第3シードとして臨んだメドベージェフは、5試合すべてストレート勝利。準決勝で過去5回優勝している第1シードのノバク・ジョコビッチ(セルビア)を6-4、6-4で、決勝ではディフェンディングチャンピオンで第2シードのアンドレイ・ルブレフ(ロシア)を6-2、6-2で下した。
ジョコビッチに対しては、彼の年間グランドスラム達成を阻んだ2021年「全米オープン」決勝以降、4連敗中だったが、5試合ぶりの勝利で対戦成績を5勝9敗としている。アンフォーストエラーの数で大きく上回ったジョコビッチに第2セットでブレークポイントを与えなかったメドベージェフは、「彼よりもレベルの高いプレーができた」と喜んだ。開幕当初から続けてきた連勝記録が15でストップしたジョコビッチも「より良い選手に敗れた。重要な局面で自分がいいプレーができなかったのはわかっているけど、それは彼の出来が良かったからだ」と素直に敗北を認めている。

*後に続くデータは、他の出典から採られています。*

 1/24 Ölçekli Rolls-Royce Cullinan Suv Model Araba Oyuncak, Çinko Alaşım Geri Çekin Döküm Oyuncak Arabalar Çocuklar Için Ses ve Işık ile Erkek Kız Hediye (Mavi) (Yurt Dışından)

メドベージェフは続く決勝でも、過去2戦敗れていたルブレフから3試合ぶりの白星を手にしている。昨年10月の「ATP500 ウィーン」で優勝した後、今年の「全豪オープン」で3回戦敗退に終わるなど、しばらく苦戦していたメドベージェフだが、2月から「ATP500 ロッテルダム」と「ATP250 ドーハ」に続いての3週連続優勝となり、連勝を14に伸ばすとともに、ツアー単独トップのシーズン19勝目を挙げた。2021年以降で3週連続優勝を果たしたのは、キャスパー・ルード(ノルウェー)、フェリックス・オジェ アリアシム(カナダ)に続いて3人目だ。

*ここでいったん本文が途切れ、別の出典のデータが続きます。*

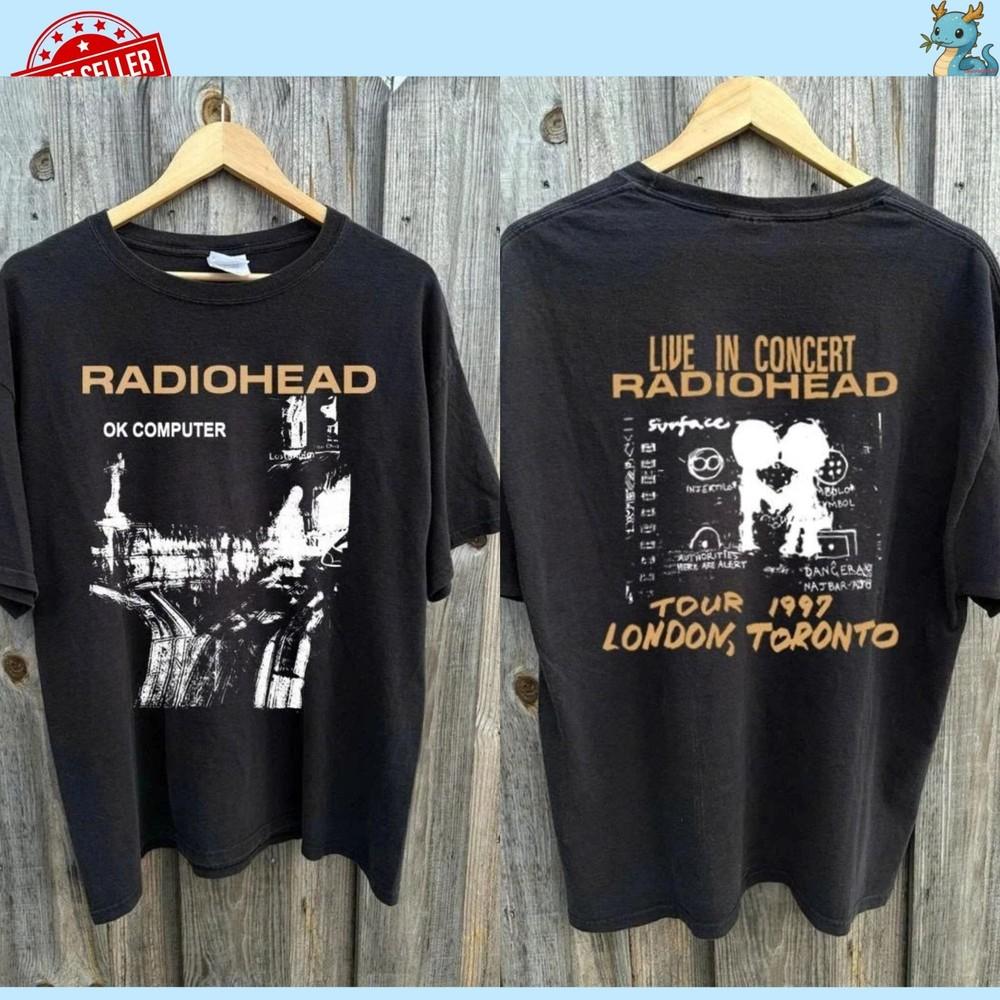 Radiohead OK Computer Shirt Vintage Rock Band Tee Retro Album Graphic T-Shirt Unisex T-Shirt S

「シーズン初めは完璧とは言えなかったから、(3大会連続優勝は)素晴らしいよ。試合に勝てない日々が続くと、自分を疑うようになる。でも今はかなり気分が良くなった。ここ3週間の出来に満足しているし、今後が楽しみだね」
メドベージェフはその言葉通りかなり気分が良かったようで、表彰式でジュニア時代からの付き合いであるルブレフが「今まで面と向かって言ったことはなかったと思うけど、僕はダニールのことをとても尊敬している」などと感動的なコメントをした際には、泣いたフリをするというユーモアセンスも披露した。また、通算タイトル数をここ3週間で15から18と積み上げたことから、最も多くのツアータイトルを獲得した現役選手としてドミニク・ティーム(オーストリア)やスタン・ワウリンカ(スイス)を抜いて単独6位としている。